Die Volatilität an den Märkten ist seit dem letzten Februar wieder deutlich zurückgegangen. Doch ist es nur die Ruhe vor dem nächsten, größeren Sturm. So die FT:
- “‚There are few things more insidious in markets than the illusion of permanent calm,‘ said Claudio Borio, head of the monetary and economic department of the Bank for International Settlements. He was referring to the extraordinarily low volatility that prevailed in global markets in 2017 and the equally extraordinary spike in volatility that followed in early February this year.” – bto: Besser kann man es nicht sagen. Die Ruhe an den Märkten ist immer gefährlich. Besonders verwundert sie heute angesichts der immer offensichtlicheren Probleme von Italien bis zu Protektionismus.
- “The Vix index gives the 30-day implied volatility of options on the S&P 500 and is often referred to as Wall Street’s fear gauge. February 5 saw the largest daily increase in the Vix since the 1987 market crash. While the turbulence was primarily related to the equity market, sovereign bonds also felt a backwash. The underlying dynamic of the event reflected changes in the structure of markets more generally, which pose serious risks for bond investors now that rates have started to rise.” – bto: Gemeint ist damit vor allem die geänderte Rolle der Banken, die nicht mehr wie früher als Market Maker agieren und deshalb die Volatilität befeuern, wenn es ernst wird.
- “(…) the rise in the Vix on February 5 far exceeded the change in expectations about future volatility. Technical factors were a more important driver of prices than fundamentals. The chief actors in the drama were issuers of volatility exchange traded products (ETPs), which accounted for a growing share of the Vix futures market. Issuers took leveraged long positions in Vix futures. So-called inverse volatility ETPs took short positions in Vix futures to allow investors to bet on lower volatility.” – bto: Es ist immer die gleiche Geschichte.

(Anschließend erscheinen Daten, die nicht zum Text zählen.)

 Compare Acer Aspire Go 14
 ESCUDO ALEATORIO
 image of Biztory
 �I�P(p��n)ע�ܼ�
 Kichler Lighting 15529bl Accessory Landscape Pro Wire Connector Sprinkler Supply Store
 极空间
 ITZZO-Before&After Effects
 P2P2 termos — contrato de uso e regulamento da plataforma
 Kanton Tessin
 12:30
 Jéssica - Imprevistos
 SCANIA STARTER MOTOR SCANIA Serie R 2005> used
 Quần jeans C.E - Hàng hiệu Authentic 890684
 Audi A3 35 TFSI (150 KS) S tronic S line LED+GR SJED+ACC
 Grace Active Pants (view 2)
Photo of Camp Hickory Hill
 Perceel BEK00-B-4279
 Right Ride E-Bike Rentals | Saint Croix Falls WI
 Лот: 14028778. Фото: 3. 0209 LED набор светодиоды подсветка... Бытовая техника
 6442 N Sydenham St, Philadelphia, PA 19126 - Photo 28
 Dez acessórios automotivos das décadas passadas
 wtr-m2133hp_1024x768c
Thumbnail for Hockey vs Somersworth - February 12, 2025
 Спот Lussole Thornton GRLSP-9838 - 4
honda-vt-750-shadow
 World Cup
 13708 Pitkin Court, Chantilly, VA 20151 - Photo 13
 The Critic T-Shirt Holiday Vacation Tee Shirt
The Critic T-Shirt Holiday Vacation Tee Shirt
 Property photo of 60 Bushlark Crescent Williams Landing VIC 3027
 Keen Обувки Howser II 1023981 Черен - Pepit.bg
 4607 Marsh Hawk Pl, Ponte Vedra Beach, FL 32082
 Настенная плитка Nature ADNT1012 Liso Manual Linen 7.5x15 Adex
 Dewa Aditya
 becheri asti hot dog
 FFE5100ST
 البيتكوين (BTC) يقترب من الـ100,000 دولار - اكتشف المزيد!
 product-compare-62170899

Leverage wirkt nun mal in beide Richtungen.
- “To be short in this market is breathtakingly dangerous because volatility is mean-reverting, with long periods of subdued fluctuations and occasional extreme spikes. It is, in the time-honoured phrase, tantamount to collecting pennies in front of a steamroller. (…) when the Vix soared during the day on February 5, everyone in the market knew that leveraged, long volatility ETPs would have to buy more Vix futures at the end of the day to rebalance their target holdings. They also knew that inverse volatility ETPs had to buy Vix futures to cover the losses on their short positions. As market participants bid up Vix futures through the day, a feedback loop developed as both long and short ETPs confronted an ever larger rebalancing.” – bto: So etwas macht natürlich Spaß aus Sicht der Gegenspekulanten.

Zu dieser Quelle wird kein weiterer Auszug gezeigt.